Pieno successo dello sciopero nel centro Italia, a dicembre sciopero generale del Pubblico impiego

Oltre 70 mila persone in piazza e mezzo milione di adesioni.
Queste le cifre dello sciopero del pubblico impiego indetto oggi dalla Funzione Pubblica Cgil nelle regioni del centro Italia in quella odierna che è stata solo la prima delle tre proteste interregionali.
I prossimi stopo sono previsti venerdì 7 novembre nelle regioni del Nord mentre il Mezzogiorno si fermerà il 14.
Carlo Podda, Segretario Generale della Fp parla di “grande successo” dell’iniziativa. “A fronte della reticenza inusitata e sospetta nel dare i dati di partecipazione allo sciopero da parte delle amministrazioni – si legge – a noi risulta una percentuale di adesione media, nelle regioni coinvolte, pari al 50 per cento nelle Funzioni centrali (ministeri, agenzie fiscali, enti pubblici non economici), e a oltre il 30 per cento negli Enti Locali e nella Sanità, dove, a fronte delle carenze di organico, il rispetto dei contingenti per i servizi essenziali pesa molto di più”. Una partecipazione che il sindacato definisce “superiore sia al numero degli iscritti alla nostra organizzazione, sia ai risultati ottenuti nelle lezioni delle Rsu”.

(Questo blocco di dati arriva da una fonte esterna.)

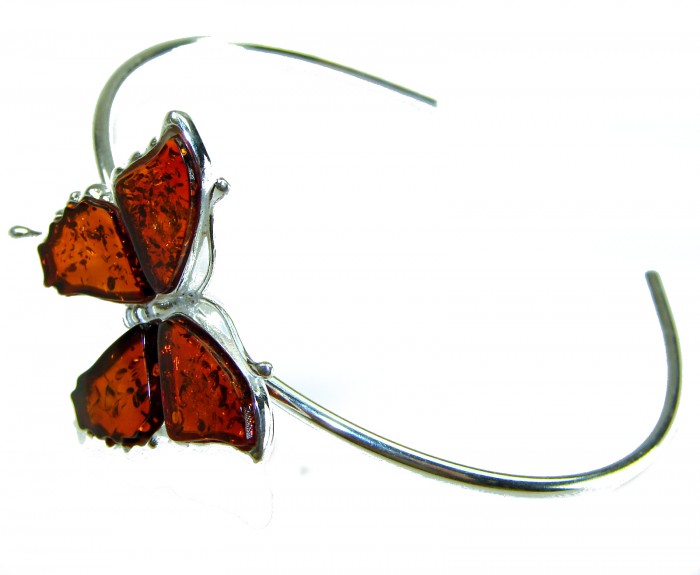 Golden Butterfly Genuine carved Baltic Amber .925 Sterling Silver dipped in 18K Gold handamde Bracelet - Silver bracelet with amber butterfly design, side view.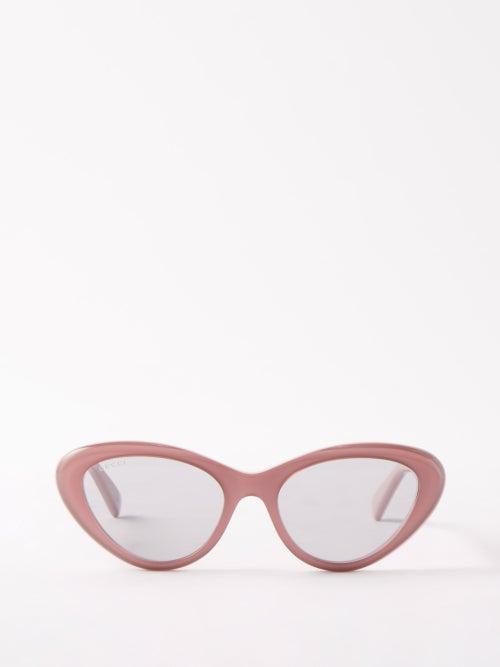 Gucci Eyewear - Cat-eye Frame Acetate Sunglasses - Womens - Pink Grey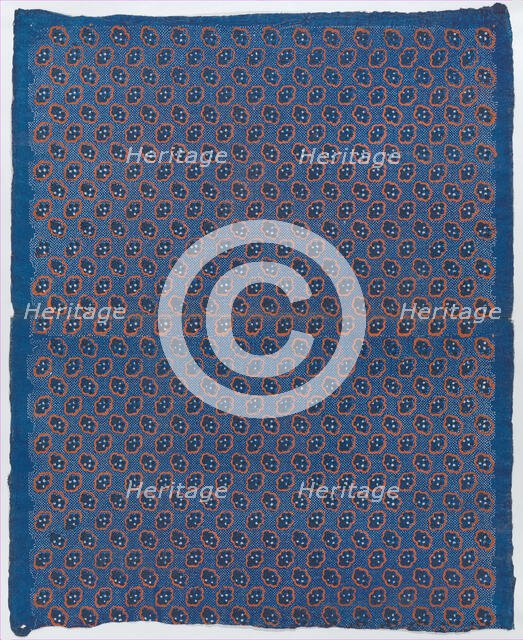 Blue sheet with two borders with a white floral and lace pattern, la..., late 18th-mid-19th century. Creator: Anon.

A Roma il corteo, con oltre 20 mila manifestanti, è partito alle 9 dalla Bocca della verità diretto a piazza Farnese, dove si è tenuto il comizio del segretario generale della Fp Cgil Carlo Podda il quale, nel suo intervento ha annunciato lo sciopero generale del pubblico impiego: “Non posso dirvi la data oggi, ma il vento tira da una sola parte, immagino che lo faremo a dicembre”.

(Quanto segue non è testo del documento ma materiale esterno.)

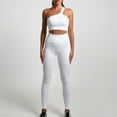 thumbnail image 4 of Workout Sets for Women 2 Piece Seamless High Waisted Leggings with Sleeveless Crop Tops Exercise Sport Outfits White, 4 of 4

Per la data, ha spiegato, si dovrà attendere lo svolgimento delle altre due giornate di protesta al Nord e nel Mezzogiorno.

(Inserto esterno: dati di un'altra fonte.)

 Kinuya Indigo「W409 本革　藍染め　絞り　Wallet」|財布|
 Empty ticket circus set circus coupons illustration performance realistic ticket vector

Secondo un comunicato della Cgil Toscana, a Firenze sono stati 30.000 i lavoratori scesi in piazza: "È stata la manifestazione del pubblico impiego in assoluto più grande che mai si sia vista in città”.
Alta adesione anche nelle Marche (in alcune realtà ha raggiunto il 70 per cento): circa 3 mila lavoratori pubblici hanno partecipato al corteo di Ancona. “Ci fermeremo solo se ci saranno precisi provvedimenti del governo per risorse adeguate al rinnovo contrattuale e per modifiche alla legge 133 del ministro Brunetta”, ha detto il segretario nazionale della Fp Lorenzo Mazzoli chiudendo il comizio.